▶ _Problem_
A verbatim restatement of the data, free of pictures, is what you should output.
**** Available data ****
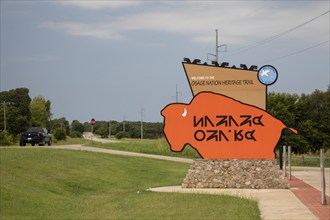 Osage Nation, Oklahoma, A sign in English and the Osage language welcomes visitors to the Osage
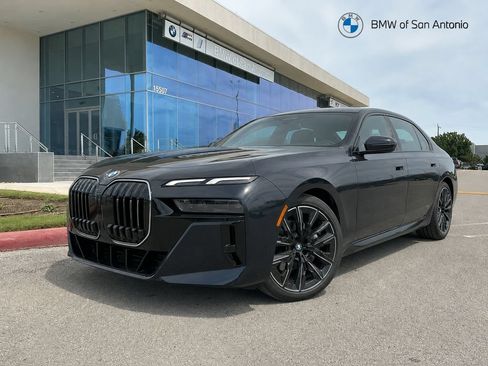 New 2026 BMW 740i RWD image 1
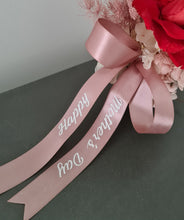 Load image into Gallery viewer, Preserved red rose with blush &amp; lights - MOT14
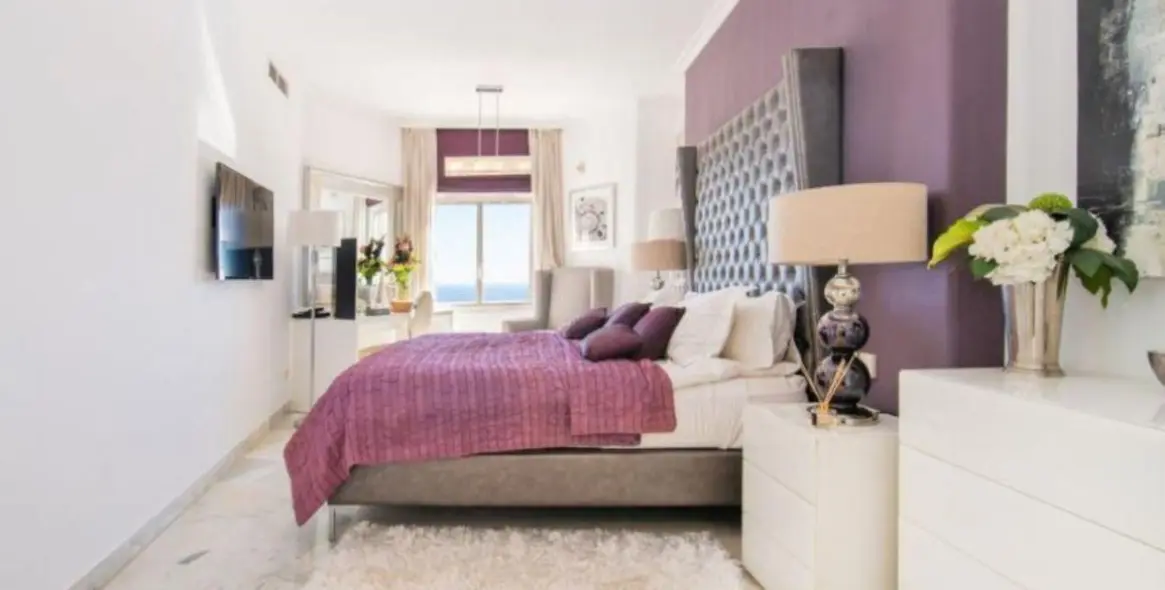 Продажа двухуровневого пентхауса в Marbella 9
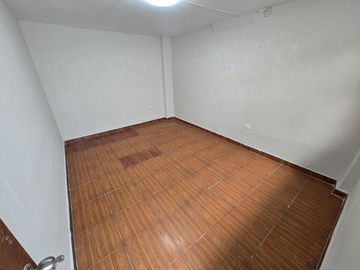 VENDO CASA EN CERCADO DE LIMA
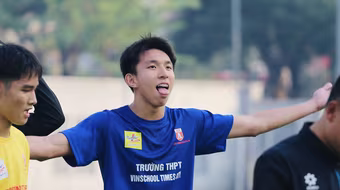 Bàn thắng 'phút 89' đưa THPT Vinschool TC vào vòng 32 đội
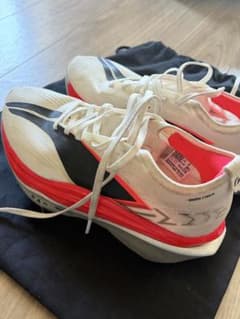 LI-NING(リーニン)] FEIDIAN 6 ELITE 競走トレーニング - メルカリ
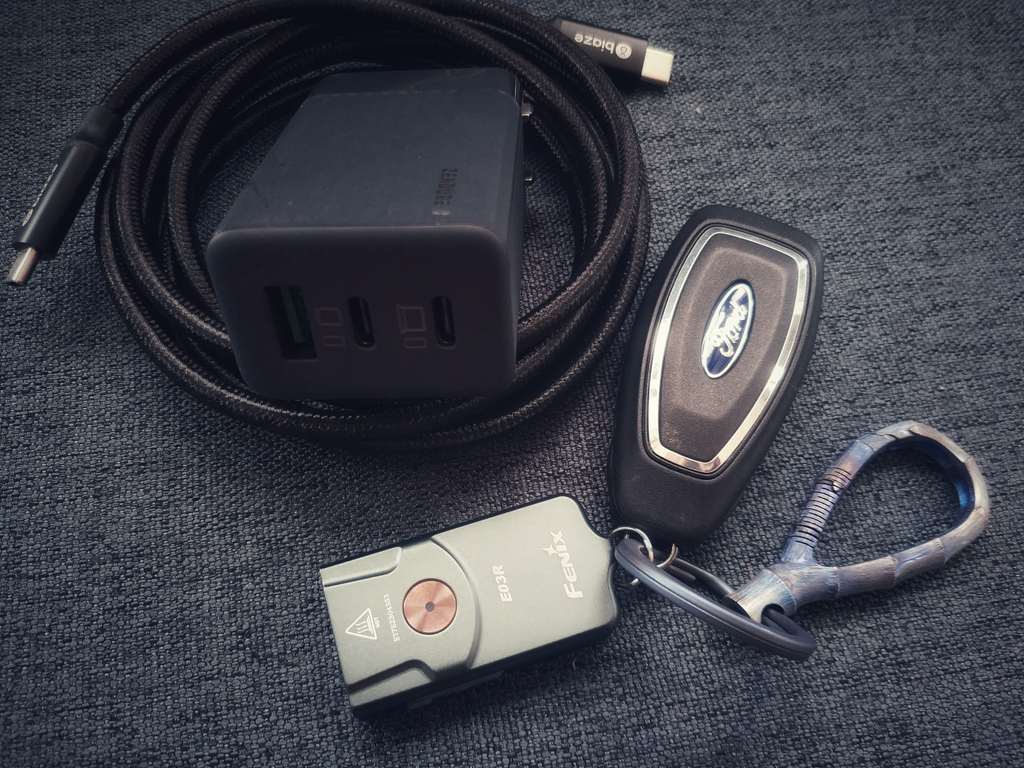 小包包里装些什么,小包包里适合放什么东西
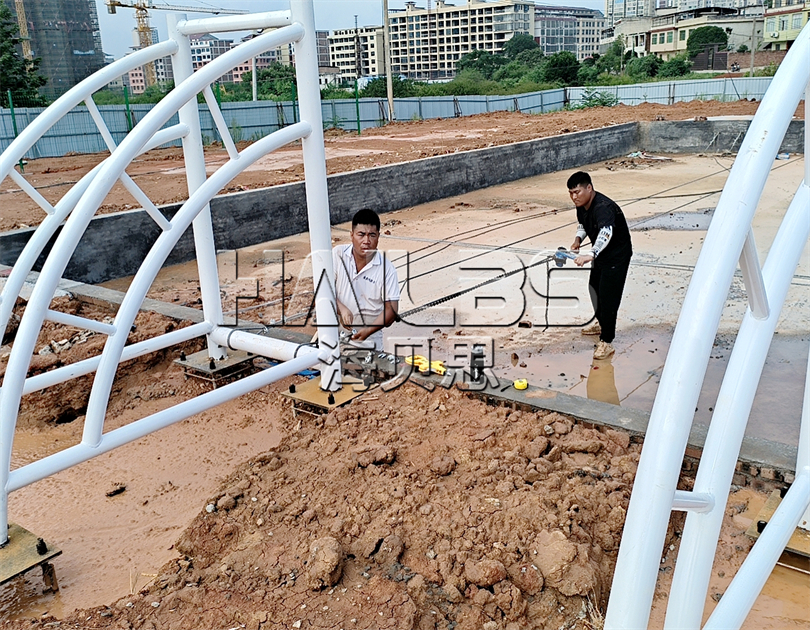 湖南衡陽(yáng)長(zhǎng)寧無(wú)動(dòng)力樂(lè)園施工現(xiàn)場(chǎng)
****
▶ _Exercise result_
 Osage Nation, Oklahoma, A sign in English and the Osage language welcomes visitors to the Osage
 New 2026 BMW 740i RWD image 1
 Load image into Gallery viewer, Preserved red rose with blush &amp; lights - MOT14
 Продажа двухуровневого пентхауса в Marbella 9
 VENDO CASA EN CERCADO DE LIMA
 Bàn thắng 'phút 89' đưa THPT Vinschool TC vào vòng 32 đội
 LI-NING(リーニン)] FEIDIAN 6 ELITE 競走トレーニング - メルカリ
 小包包里装些什么,小包包里适合放什么东西
 湖南衡陽(yáng)長(zhǎng)寧無(wú)動(dòng)力樂(lè)園施工現(xiàn)場(chǎng)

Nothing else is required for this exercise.